Scan the records beneath this line for the line holding "Holiday home Fy119-bogense-vildrosevej-28" and the line holding "Passion du Djanoub", then transcribe exactly those two and all lines between.
── RECORDS FOR THIS EXERCISE ──
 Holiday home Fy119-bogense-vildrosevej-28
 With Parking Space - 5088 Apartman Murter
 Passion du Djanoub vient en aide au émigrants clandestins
───
── RECORDS FOR THIS EXERCISE ──
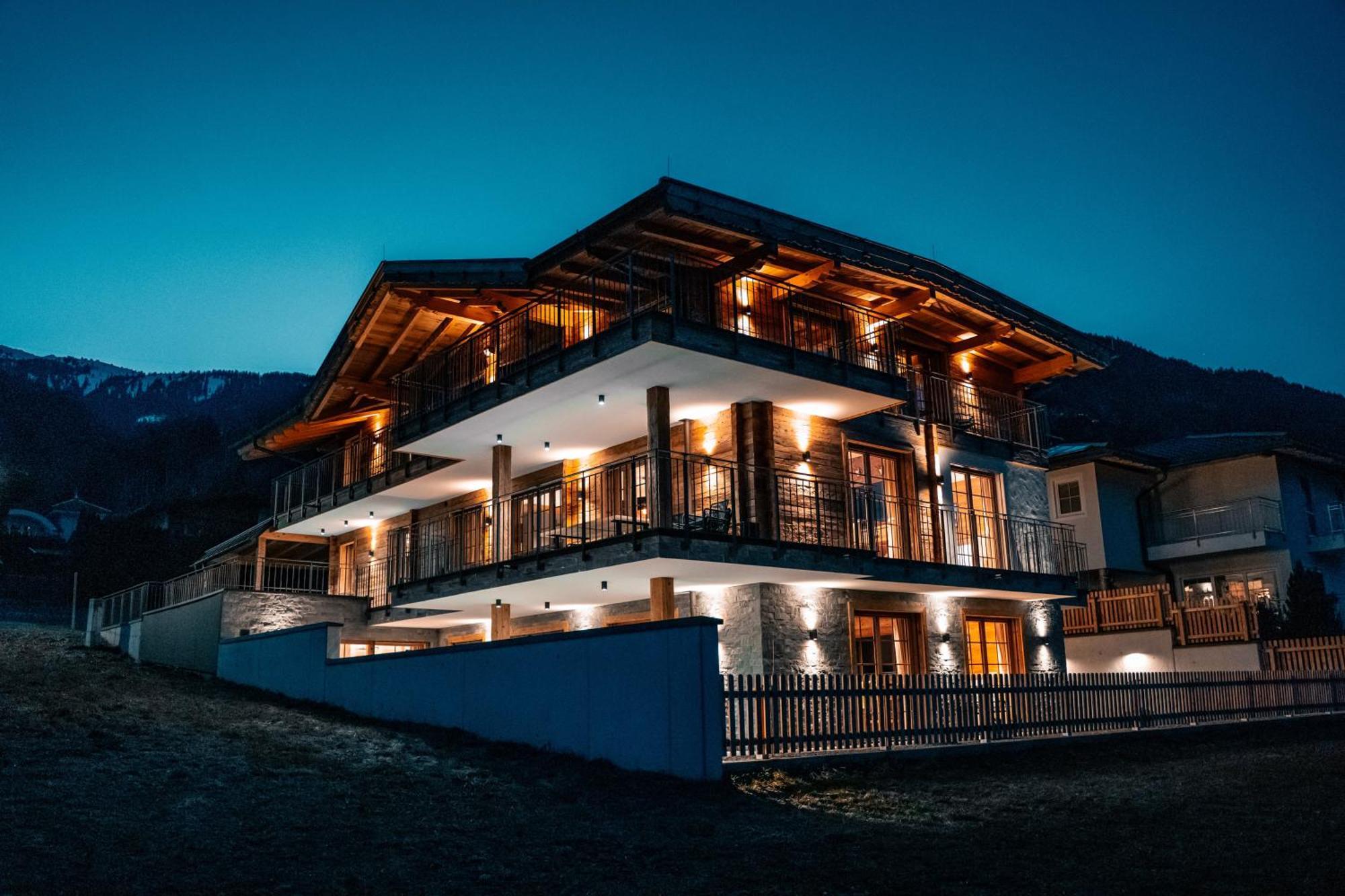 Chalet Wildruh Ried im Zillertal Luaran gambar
───
── RECORDS FOR THIS EXERCISE ──
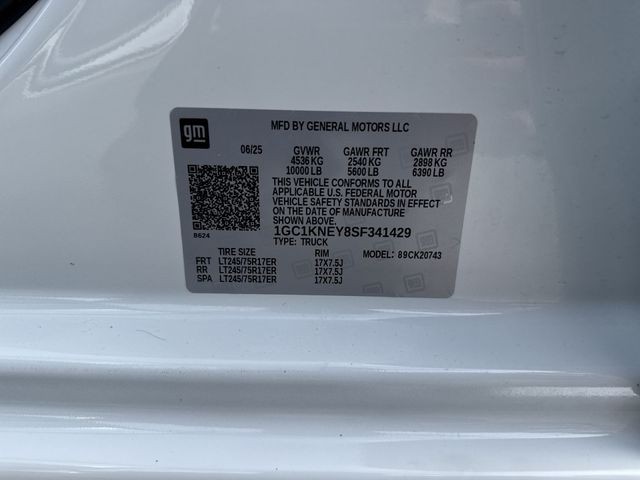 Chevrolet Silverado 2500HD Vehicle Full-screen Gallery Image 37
───
▶ _RESULT OF THIS EXERCISE_
 Holiday home Fy119-bogense-vildrosevej-28
 With Parking Space - 5088 Apartman Murter
 Passion du Djanoub vient en aide au émigrants clandestins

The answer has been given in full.